Chemotherapie schwangerer Frauen – bei Mammakarzinom machbar?

Gegenstand der gynäkologisch-onkologischen Forschung ist unter anderem die Chemotherapie schwangerer Frauen. Die Möglichkeite der Therapie während einer aktiven Schwangerschaft, Schwangerschaftsabbruch, Hinauszögern der Therapie bis nach der Geburt bzw. die vorzeitige Entbindung zum früheren Beginn der Therapie stehen hier zur Diskussion. Fokus ist hierbei vor allem die Auswirkung auf den noch ungeborenen Fetus in utero.

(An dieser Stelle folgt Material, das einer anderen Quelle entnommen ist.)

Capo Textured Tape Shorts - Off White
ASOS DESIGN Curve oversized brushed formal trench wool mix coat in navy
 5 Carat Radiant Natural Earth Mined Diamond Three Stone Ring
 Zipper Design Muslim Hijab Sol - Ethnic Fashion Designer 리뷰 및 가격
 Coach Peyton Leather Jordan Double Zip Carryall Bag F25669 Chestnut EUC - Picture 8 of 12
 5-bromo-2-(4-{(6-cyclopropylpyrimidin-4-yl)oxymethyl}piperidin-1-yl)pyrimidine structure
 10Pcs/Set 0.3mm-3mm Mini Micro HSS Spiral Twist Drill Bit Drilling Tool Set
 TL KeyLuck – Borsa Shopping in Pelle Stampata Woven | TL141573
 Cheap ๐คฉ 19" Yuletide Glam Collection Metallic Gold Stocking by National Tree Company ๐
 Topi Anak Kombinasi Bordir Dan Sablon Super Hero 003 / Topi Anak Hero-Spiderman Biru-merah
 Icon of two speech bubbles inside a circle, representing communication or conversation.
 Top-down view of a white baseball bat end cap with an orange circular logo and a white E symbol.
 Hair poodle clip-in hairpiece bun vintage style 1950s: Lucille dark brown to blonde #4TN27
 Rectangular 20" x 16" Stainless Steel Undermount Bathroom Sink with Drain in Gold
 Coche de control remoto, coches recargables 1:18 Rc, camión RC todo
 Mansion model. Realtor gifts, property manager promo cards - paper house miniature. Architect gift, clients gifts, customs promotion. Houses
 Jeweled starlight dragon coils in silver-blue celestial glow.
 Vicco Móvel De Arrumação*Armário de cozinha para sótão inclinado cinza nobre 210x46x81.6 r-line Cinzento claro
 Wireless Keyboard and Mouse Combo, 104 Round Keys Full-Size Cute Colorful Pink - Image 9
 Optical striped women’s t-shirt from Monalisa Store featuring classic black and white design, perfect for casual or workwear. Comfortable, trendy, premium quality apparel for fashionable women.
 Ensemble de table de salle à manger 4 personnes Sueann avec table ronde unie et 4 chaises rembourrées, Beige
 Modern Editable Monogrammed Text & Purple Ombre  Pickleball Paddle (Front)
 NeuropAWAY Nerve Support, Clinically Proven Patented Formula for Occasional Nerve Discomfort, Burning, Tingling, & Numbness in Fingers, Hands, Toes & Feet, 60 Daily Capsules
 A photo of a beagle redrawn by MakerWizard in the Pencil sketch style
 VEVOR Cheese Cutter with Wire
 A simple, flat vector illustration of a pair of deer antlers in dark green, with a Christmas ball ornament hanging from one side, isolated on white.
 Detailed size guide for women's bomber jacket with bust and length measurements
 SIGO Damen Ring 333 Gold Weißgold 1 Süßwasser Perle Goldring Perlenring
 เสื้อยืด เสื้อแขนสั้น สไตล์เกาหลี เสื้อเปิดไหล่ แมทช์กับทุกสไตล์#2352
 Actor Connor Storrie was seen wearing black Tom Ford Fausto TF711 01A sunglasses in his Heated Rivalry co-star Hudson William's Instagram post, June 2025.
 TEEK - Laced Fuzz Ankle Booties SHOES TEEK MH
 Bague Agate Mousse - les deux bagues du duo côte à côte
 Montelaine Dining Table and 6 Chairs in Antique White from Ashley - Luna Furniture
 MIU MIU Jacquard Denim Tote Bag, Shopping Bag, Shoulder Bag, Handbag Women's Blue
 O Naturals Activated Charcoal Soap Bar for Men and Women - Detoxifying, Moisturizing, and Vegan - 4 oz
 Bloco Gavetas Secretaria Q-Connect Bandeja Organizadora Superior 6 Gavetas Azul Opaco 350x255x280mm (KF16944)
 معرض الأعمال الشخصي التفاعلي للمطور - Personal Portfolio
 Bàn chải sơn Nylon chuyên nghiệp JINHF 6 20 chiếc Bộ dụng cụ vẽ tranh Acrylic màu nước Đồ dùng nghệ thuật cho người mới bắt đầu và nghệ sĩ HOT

Arbeiten hierzu sind verständlicherweise schwierig durchzuführen, da die Akquise von Studienteilnehmern aufgrund der geringen Inzidenz von Tumoren während der Schwangerschaft sowie der nachvollziehbaren Angst vor Therapiekomplikationen erschwert ist. Eine am 16.08.2012 online publizierte Studie im Lancet-Oncology ( http://www.thelancet.com/journals/lanonc/article/PIIS1470-2045%2812%2970261-9/abstract ) zeigt nun, die bereits in einigen Arbeiten gefundenen, Anhaltspunkte, dass eine Chemotherapie bei intakter Schwangerschaft möglich und risikoärmer als vermutet ist. In die multizentrische europäische Studie wurden 447 Patientinnen eingeschlossen, 413 hiervon litten an einem Mammakarzinom. 197 hiervon erhielten eine Chemotherapie während der Schwangerschaft, dies waren v.a. Anthracycline. Die Chemotherapie erfolgte jeweils nach Vollendung des ersten Trimenons.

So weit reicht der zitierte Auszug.